▶ About this exercise
Transcribe exactly, and only, the lines from the one containing "[andersson bell] VELVET" through the last line of the data.

▶ Input
************
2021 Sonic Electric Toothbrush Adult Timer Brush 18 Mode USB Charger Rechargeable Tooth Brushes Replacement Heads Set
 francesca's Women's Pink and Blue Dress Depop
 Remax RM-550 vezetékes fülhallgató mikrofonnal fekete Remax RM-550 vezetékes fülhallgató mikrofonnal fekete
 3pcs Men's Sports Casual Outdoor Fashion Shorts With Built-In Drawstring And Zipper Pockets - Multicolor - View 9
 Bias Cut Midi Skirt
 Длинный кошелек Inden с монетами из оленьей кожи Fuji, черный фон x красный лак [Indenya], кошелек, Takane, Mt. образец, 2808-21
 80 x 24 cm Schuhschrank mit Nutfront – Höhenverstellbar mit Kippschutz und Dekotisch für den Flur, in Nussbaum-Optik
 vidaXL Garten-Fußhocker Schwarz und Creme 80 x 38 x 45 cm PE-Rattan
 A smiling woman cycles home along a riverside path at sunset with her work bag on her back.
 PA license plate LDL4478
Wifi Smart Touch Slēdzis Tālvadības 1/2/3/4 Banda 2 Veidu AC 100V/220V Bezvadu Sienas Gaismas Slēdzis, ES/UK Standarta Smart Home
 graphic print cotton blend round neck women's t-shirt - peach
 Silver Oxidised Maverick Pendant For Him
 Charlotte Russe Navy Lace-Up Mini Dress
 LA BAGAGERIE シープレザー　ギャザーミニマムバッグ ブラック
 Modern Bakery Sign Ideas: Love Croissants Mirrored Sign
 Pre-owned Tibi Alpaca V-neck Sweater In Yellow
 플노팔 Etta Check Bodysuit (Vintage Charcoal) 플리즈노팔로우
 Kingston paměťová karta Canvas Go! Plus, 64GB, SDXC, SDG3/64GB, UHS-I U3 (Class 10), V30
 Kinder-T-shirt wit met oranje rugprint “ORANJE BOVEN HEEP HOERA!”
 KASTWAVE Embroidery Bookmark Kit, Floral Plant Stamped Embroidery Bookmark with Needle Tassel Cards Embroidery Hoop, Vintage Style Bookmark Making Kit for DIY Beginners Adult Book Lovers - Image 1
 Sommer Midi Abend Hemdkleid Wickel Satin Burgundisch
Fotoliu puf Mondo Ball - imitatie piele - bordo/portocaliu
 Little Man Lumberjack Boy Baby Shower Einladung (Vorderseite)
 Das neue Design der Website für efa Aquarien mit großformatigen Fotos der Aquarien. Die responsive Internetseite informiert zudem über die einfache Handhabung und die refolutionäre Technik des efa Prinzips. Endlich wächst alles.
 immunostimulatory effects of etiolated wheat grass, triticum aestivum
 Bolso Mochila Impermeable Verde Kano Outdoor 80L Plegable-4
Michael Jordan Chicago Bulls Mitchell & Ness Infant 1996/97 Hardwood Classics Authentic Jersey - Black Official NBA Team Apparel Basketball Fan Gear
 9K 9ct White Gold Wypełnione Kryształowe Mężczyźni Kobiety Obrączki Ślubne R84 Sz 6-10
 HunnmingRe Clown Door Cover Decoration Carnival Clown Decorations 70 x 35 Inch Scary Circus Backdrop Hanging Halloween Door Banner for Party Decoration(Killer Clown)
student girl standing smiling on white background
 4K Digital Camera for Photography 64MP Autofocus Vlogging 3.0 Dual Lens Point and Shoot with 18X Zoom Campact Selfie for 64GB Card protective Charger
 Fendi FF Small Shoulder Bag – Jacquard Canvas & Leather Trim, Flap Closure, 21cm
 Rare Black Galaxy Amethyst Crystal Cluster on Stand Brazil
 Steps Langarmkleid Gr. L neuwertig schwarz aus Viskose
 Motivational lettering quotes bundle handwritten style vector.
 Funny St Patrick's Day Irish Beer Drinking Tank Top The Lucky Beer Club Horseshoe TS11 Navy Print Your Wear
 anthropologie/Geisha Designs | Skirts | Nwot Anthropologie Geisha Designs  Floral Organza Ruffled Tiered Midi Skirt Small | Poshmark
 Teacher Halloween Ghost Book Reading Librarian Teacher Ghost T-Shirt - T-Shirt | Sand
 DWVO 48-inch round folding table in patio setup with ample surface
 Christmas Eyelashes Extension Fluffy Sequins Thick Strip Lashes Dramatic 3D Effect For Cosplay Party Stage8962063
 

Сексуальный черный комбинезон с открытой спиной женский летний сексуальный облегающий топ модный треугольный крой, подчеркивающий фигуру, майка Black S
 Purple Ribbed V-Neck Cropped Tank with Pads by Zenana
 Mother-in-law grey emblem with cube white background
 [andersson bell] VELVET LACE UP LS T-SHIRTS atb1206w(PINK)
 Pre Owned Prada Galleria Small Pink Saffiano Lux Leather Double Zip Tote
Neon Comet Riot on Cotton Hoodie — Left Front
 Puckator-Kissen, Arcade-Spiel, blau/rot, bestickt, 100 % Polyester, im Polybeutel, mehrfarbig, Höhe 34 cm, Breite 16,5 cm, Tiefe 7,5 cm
************
▶ Written answer
 [andersson bell] VELVET LACE UP LS T-SHIRTS atb1206w(PINK)
 Pre Owned Prada Galleria Small Pink Saffiano Lux Leather Double Zip Tote
Neon Comet Riot on Cotton Hoodie — Left Front
 Puckator-Kissen, Arcade-Spiel, blau/rot, bestickt, 100 % Polyester, im Polybeutel, mehrfarbig, Höhe 34 cm, Breite 16,5 cm, Tiefe 7,5 cm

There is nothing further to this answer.